Amigos do Fingidor

sexta-feira, 17 de dezembro de 2010

A miragem elaborada – 15

Zemaria Pinto

O homem noturno, a busca da luz

II



Esse tecer infindo constitui-se milagre na proposição que o poeta faz em “À noite”:

                    Mas preservarei a flor.

                    Construirei muralhas,
                    e o tempo e o vento não a destruirão.
                    Quando as tempestades vierem,
                    me aproximarei e a defenderei,
                    para que possa devolvê-la ainda flor
                    à manha.

Não importam os ditadores, não interessa o tempo que lhes reserva o poder, o homem saberá preservar a si até que venha a manhã.

Este poema traduz toda a importância atribuída à noite na obra de Alcides Werk. A noite como caminho inevitável para a luz:

                    Meu coração não se erguerá contra ti,
                    porque és simples,
                    e não conheces o mal que fazes,
                    quando levas a luz.

No poema “À irmã sem amor”, o tema é retomado:

                    a antiga semente do amor
                    foi lançada no coração dos homens.
                    Ela é irmã da manhã


                    Germina no silêncio da noite,
                    mas ao amanhecer será árvore
                    e será fruto.

O amor, a fraternidade, a igualdade entre os homens. Mas o poeta não deixa de alertar contra qualquer possibilidade de radicalismos, avisando que

                    os sinais,
                    tu os conhecerás nos pássaros

No poema “Da espera”, ele renova o aviso:

                    Direi aos pássaros que esperem,
                    enquanto perdurar a ronda dos morcegos.

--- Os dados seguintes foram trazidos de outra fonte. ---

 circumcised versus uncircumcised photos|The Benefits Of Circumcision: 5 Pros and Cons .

Esses três poemas constituem a reflexão do poeta sobre o momento político. Sem a dor estampada em “Da noite do rio” ou a quase-alegria de “Canção”:

                    Sou leve, não tenho nada
                    (nem mesmo o medo da morte).

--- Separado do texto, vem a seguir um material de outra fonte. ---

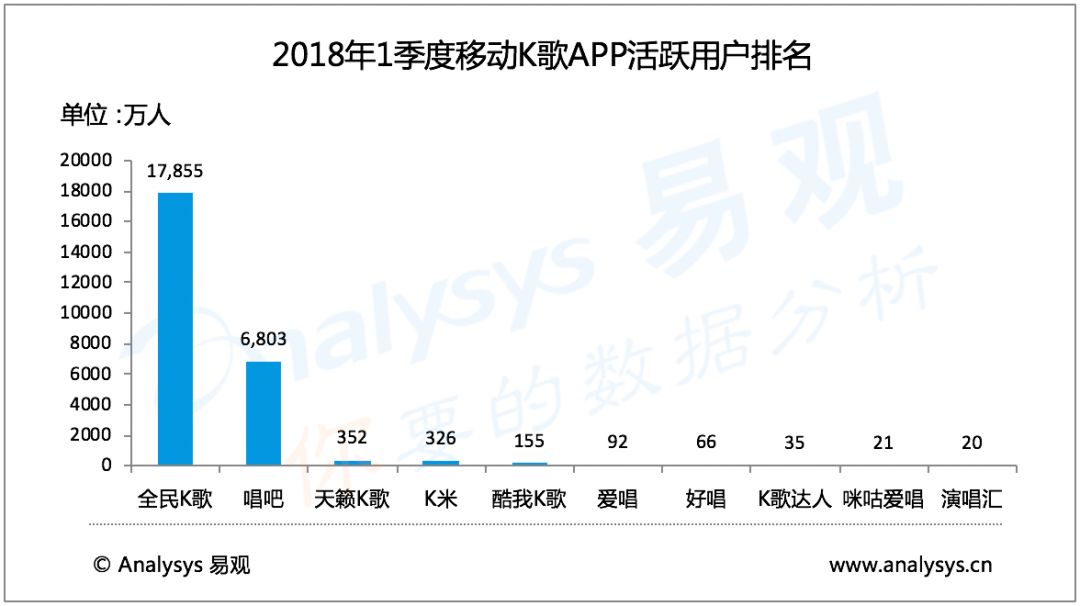 易觀：2018年1季度移動K歌市場用戶規模穩定增長 科技 第2張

Há a calma, a serenidade de quem sabe o que quer.

                    Há uma grande alegria na espera.

Ele diz em “À irmã sem amor”, para arrematar, na festa dos pássaros, que

                         o labor de tuas mãos limpas
                    será aceito
                    no grande banquete de amor que se prepara
                    para saudar a manhã.

Banquete que se renova a cada aurora na vida do homem amazônico. Como em “Facheação”, o dia clareando:

                    preciso remar ligeiro,
                    que o povo tá me esperando
                    com a peixada pro ajuri.

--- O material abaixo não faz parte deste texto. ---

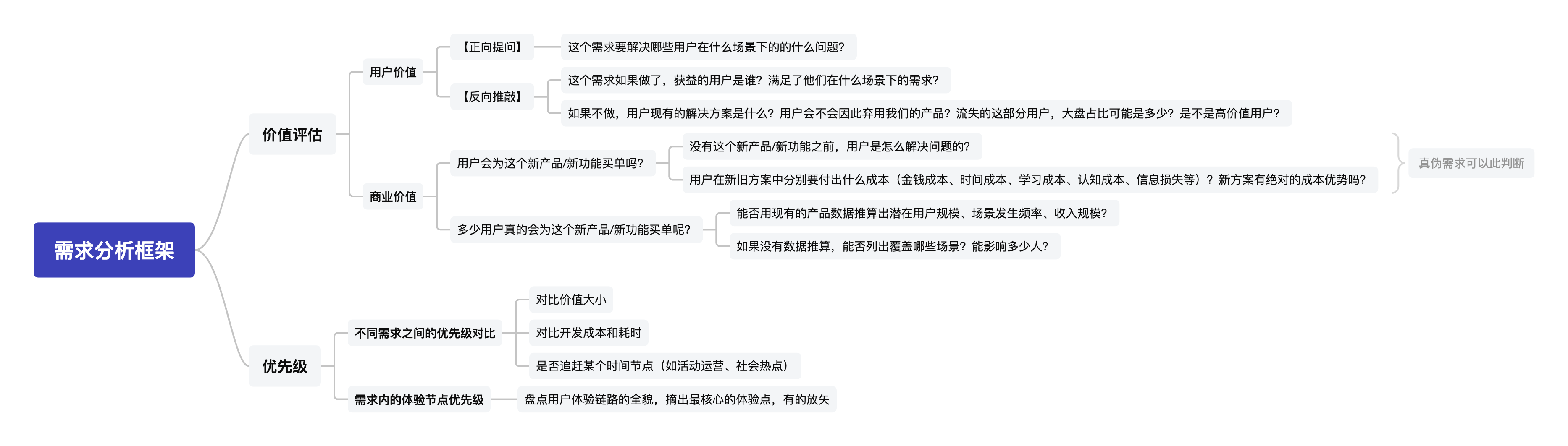 設(shè)計(jì)師如何做產(chǎn)品需求分析？來(lái)看騰訊高手的分析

Ou em “Peixe-boi”, após o sucesso na pesca:

                    Voltar para casa
                    cheio de alegria
                    no romper do dia

A chegada do dia relacionada com a festa da volta para casa: o fim do exílio, a retomada da liberdade, o tempo novo que se anuncia. No poema “Êxodo”, o coroamento dessa ideia:

                    Quero voltar pro meu lago,
                    quero enganar a mentira,
                    assar um peixe na praia
                    e saudar o sol nascente,
                    fazer uns versos pro dia
                    mas nos teus braços, Jupira.